Drive already mounted at /content/drive; to attempt to forcibly remount, call drive.mount("/content/drive", force_remount=True).


In [4]:
%cd /content/drive/MyDrive/MasterCourse/Bangladeshi_Landmarks

/content/drive/MyDrive/MasterCourse/Bangladeshi_Landmarks


In [5]:

DEST_ROOT = Path("dataset_places")
DEST_ROOT.mkdir(parents=True, exist_ok=True)

TARGET_PER_CLASS = 500
OVERFETCH_FACTOR = 2
MAX_RETRIES =10

ARCH_HINT = (
    "exterior architecture building monument facade heritage "
    "-interior -floorplan -selfie -people -crowd -tourist -group -human -face -portrait -wedding"
)
NATURE_HINT = (
    "landscape scenery nature hills forest river mountain valley beach waterfall "
    "-selfie -people -tourist -crowd -group -human -face -portrait"
)

places = [
    "Jatiya Sangsad Bhaban (Dhaka) Architecture only",
    "Ahsan Manzil (Dhaka) Architecture only",
    "Lalbagh Fort (Dhaka) Architecture only",
    "Dhaka Shaheed Minar (Bangladesh) Architecture only",
    "Sixty Dome Mosque (Bagerhat) Architecture only",
    "Somapura Mahavihara (Paharpur, Naogaon) Architecture only",
    "Kantajew Temple (Dinajpur) Architecture only",
    "Panam Nagar (Sonargaon, Narayanganj) Architecture only",
    "Tajhat Palace (Rangpur) Architecture only",
    "Cox’s Bazar Sea Beach (Cox’s Bazar) Nature only",
    "St. Martin's Island (Teknaf, Chhera Dwip) Nature only",
    "Sundarbans Mangrove Forest (Khulna) Nature onlye",
    "Jaflong (Sylhet) Nature only",
    "Ratargul Swamp Forest (Sylhet) Nature only",
    "Sajek Valley (Rangamati) Nature only",
    "Nafakhum Waterfall (Bandarban) Nature only"
]


In [6]:

def split_name_and_type(item: str):
    if "Architecture" in item:
        return item.replace(" Architecture only", "").strip(), "Architecture"
    elif "Nature" in item:
        return item.replace(" Nature only", "").strip(), "Nature"
    return item, "Unknown"

def build_query(place_name: str, kind: str, attempt: int) -> str:
    if kind == "Architecture":
        base = f"{place_name} {ARCH_HINT}"
    elif kind == "Nature":
        base = f"{place_name} {NATURE_HINT}"
    else:
        base = place_name
    if attempt > 0:
        base += f" photo view picture {attempt}"
    return base

def duckduckgo_search(query: str, needed: int):
    urls, seen = [], set()
    try:
        with DDGS() as ddgs:
            for r in ddgs.images(query, safesearch="on", type_image="photo", max_results=needed*2):
                url = r.get("image")
                if not url or url in seen:
                    continue
                if any(bad in url.lower() for bad in ["svg", "base64,", "data:image"]):
                    continue
                seen.add(url)
                urls.append(url)
                if len(urls) >= needed:
                    break
    except Exception as e:
        print(f"[!] DuckDuckGo search failed: {e}")
    return urls

def sanitize_dirname(name: str) -> str:
    return "".join(c for c in name if c.isalnum() or c in " -_()&',.").strip()
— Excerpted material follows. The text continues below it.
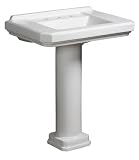 Danze DC026028WH Cirtangular 8-Inch Widespread Pedestal Lavatory Basin, White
def ensure_target_count(folder: Path) -> int:
    exts = {".jpg", ".jpeg", ".png", ".bmp", ".gif", ".webp"}
    return sum(1 for p in folder.glob("*") if p.suffix.lower() in exts)




In [7]:

summary = []

for item in places:
    place_name, kind = split_name_and_type(item)
    class_dir = DEST_ROOT / sanitize_dirname(place_name)
    class_dir.mkdir(parents=True, exist_ok=True)

    for attempt in range(MAX_RETRIES):
        have = ensure_target_count(class_dir)
        if have >= TARGET_PER_CLASS:
            print(f"[✓] {place_name}: reached {have}/{TARGET_PER_CLASS} images.")
            break

        need = TARGET_PER_CLASS - have
        urls_needed = int(need * OVERFETCH_FACTOR)
        query = build_query(place_name, kind, attempt)

        print(f"\n=== {place_name} ({kind}) | Attempt {attempt+1} ===")
        print(f"Query: {query}")
        print(f"Need {need} more images (fetching {urls_needed} URLs).")

        urls = duckduckgo_search(query, urls_needed)
        if not urls:
            print(f"[!] No URLs found this attempt.")
            continue

        urls_file = class_dir / f"_urls_attempt{attempt+1}.txt"
        urls_file.write_text("\n".join(urls), encoding="utf-8")
        urls_list = urls_file.read_text().splitlines()
        download_images(str(class_dir), urls=urls_list, preserve_filename=False, timeout=30, n_workers=8)
        failed = verify_images(str(class_dir))
        if failed:
            print(f"Removed {len(failed)} corrupt images.")

        final_count = ensure_target_count(class_dir)
        print(f"[i] {place_name}: now {final_count}/{TARGET_PER_CLASS} images.")

    final_count = ensure_target_count(class_dir)
    status = "OK" if final_count >= TARGET_PER_CLASS else "SHORT"
    summary.append((place_name, kind, final_count, status))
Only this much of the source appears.